Tim Pawlenty - Governor of Minnesota – Pawlenty is a two-term governor of Minnesota, but did not run for re-election in 2010, fueling rumors that he’s planning a 2012 presidential bid. He was elected in 2002 on a platform of not raising taxes, and he followed through on that promise (kind of) by not raising taxes, but raising some state fees. He’s likely to face opposition on this point if he does decide to run in 2012.
Mike Huckabee - former Governor of Arkasas – Mike Huckabee ran for president in 2008 after being the Governor of Arkansas, but eventually lost to John McCain. He has a folksy tone, and many conservatives adored him. Since his 2008 run, he’s raised his profile by becoming a Fox News contributor, among other things. Should he decide to run in 2012, he would likely start where he started in 2008–a second-tier candidate. He would be outshone by Palin, Romney, and Gingrich, which would be a huge handicap.
Rick Perry - Governor of Texas – re-elected to his third and last four-year term in November, Rick Perry has been the longest Texas governor, and is widely popular in the state (he won with 55% of the vote). He is a fiscal conservative, and has campaigned on tax reform and job growth. He has presided over a state for the last ten years that has increased its population so much that they will likely get four new congressional seats in the next legislature due to the census, and that has to be due to something good.
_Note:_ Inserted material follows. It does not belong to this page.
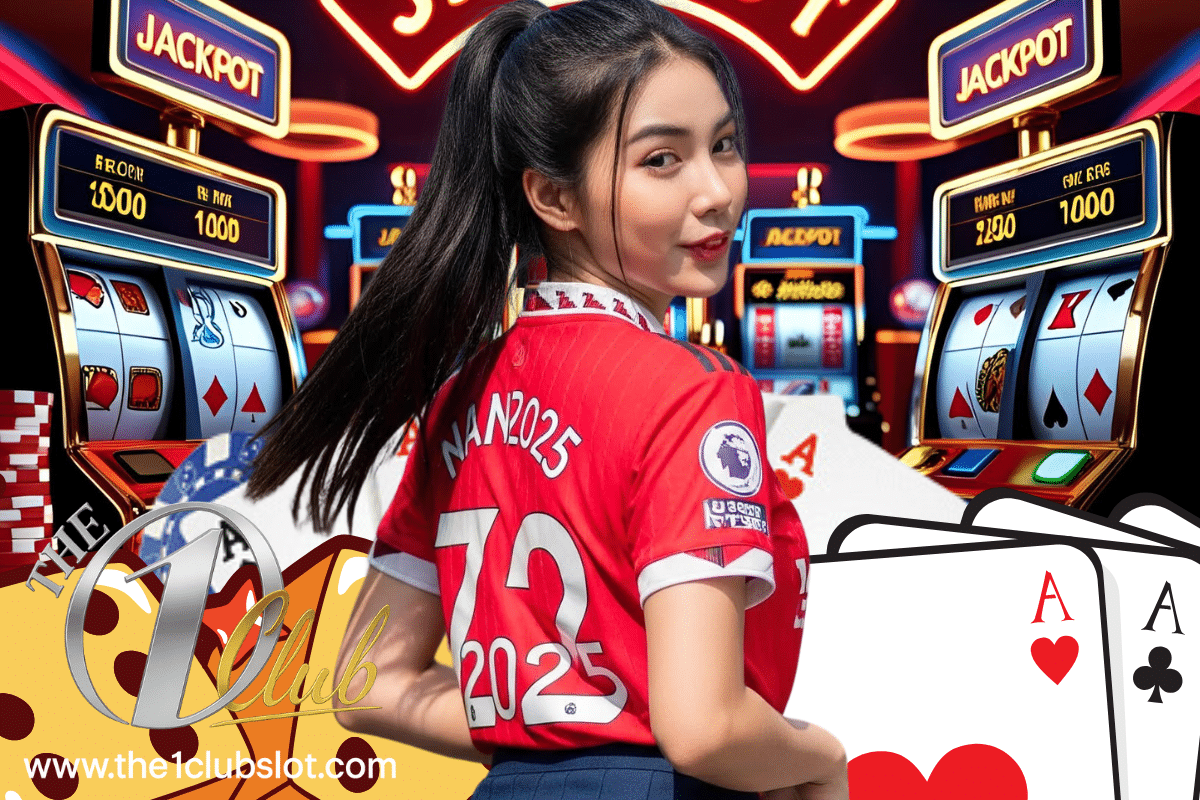 the one club เข้าสู่ระบบ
Haley Barbour - Governor of Mississippi – Barbour was elected only the second Republican governor of Mississippi since Reconstruction, with 53% of the vote, in 2003, and was re-elected in 2007. As a former lobbyist, he was able to win over a Democrat-led legislature to cut a $709 million deficit in half in a program he called Operation: Streamline. He is also strongly conservative, working with Republicans and conservative Democrats to tighten abortion laws in Mississippi. He could come from dark horse status and gain the Republican nomination.
Paul Ryan - Congressman from Wisconsin – widely known in small conservative circles for his “Roadmap for America’s Future.” Aside from having piercing blue eyes, he also stood up during a healthcare summit last year (in this video) and provided what some would consider convincing evidence against the healthcare “reform” bill, which the White House promptly ignored. A stellar speaker, he would have to contend with being an unknown, and is not likely to run in 2012.
Mike Pence - Congressman from Indiana – he ran the House Republican Conference since 2008, and he’s been a conservative darling. However, he would have to run as an unknown (has anyone ever heard of Mike Pence?), and he would have to run as a member of the U.S. House. Do you know how many House members have become President? Does anyone remember Dick Gephardt?
Rolland Burris - former Senator from Illinois – never underestimate the ego of this former appointed Senator from Illinois. He was the only person that was willing to be appointed by convicted former governor Rod Blagojevich, so I don’t think he’d have a problem switching parties to run for President. Also, he probably believes in his addled mind that he could be elected if he ran as a Republican.
Can you think of any others that should be added to this list? Which of these would you vote for? Which of these candidates can beat President Obama?